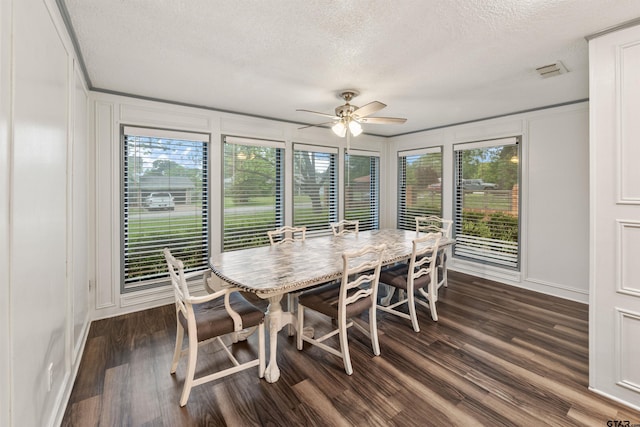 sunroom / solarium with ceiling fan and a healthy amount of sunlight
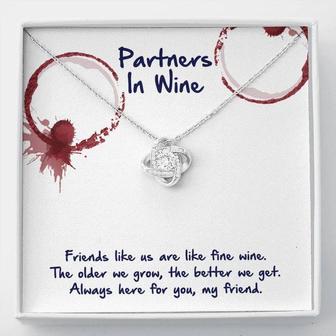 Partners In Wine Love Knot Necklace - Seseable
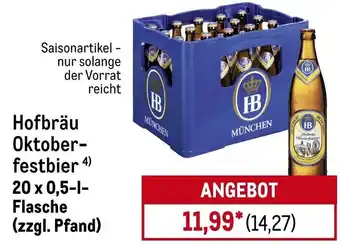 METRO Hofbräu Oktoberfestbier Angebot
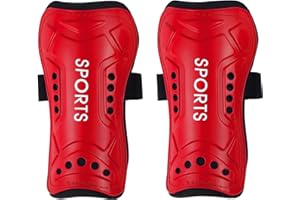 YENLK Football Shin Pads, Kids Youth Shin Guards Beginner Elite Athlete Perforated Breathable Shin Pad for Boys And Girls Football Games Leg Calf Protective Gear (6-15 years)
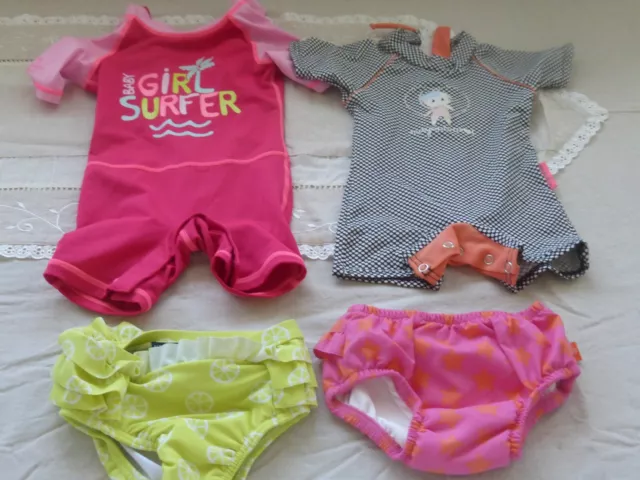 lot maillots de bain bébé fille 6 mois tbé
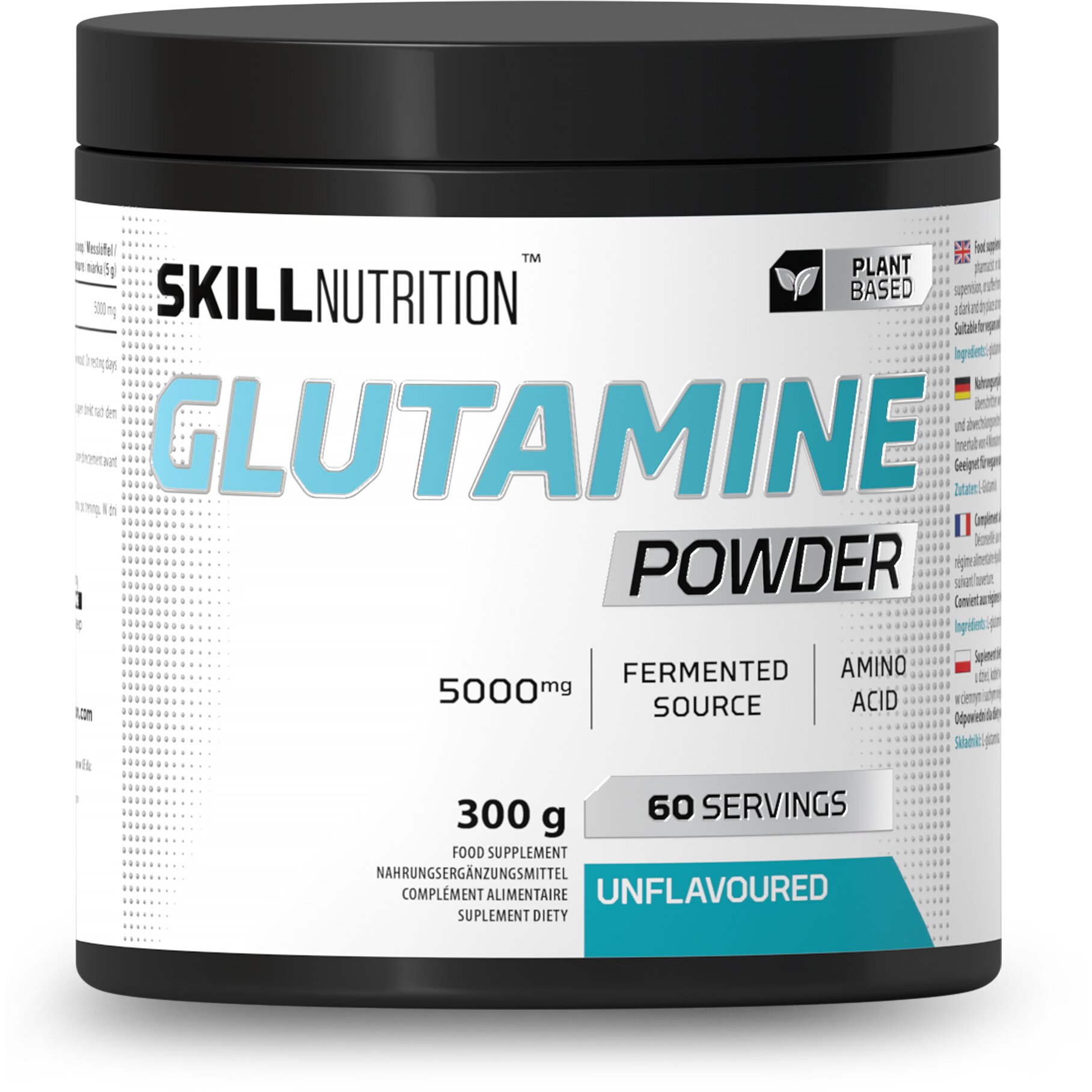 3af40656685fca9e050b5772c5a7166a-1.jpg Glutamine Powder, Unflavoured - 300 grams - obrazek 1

★ ★ ★

**WHAT IS EXPECTED**
What you return should be only the lines from the line with "YENLK Football Shin" through the last line of the listing above, exactly, both ends included, pictures excluded.

**ANSWER BOX**
 YENLK Football Shin Pads, Kids Youth Shin Guards Beginner Elite Athlete Perforated Breathable Shin Pad for Boys And Girls Football Games Leg Calf Protective Gear (6-15 years)
 lot maillots de bain bébé fille 6 mois tbé
 3af40656685fca9e050b5772c5a7166a-1.jpg Glutamine Powder, Unflavoured - 300 grams - obrazek 1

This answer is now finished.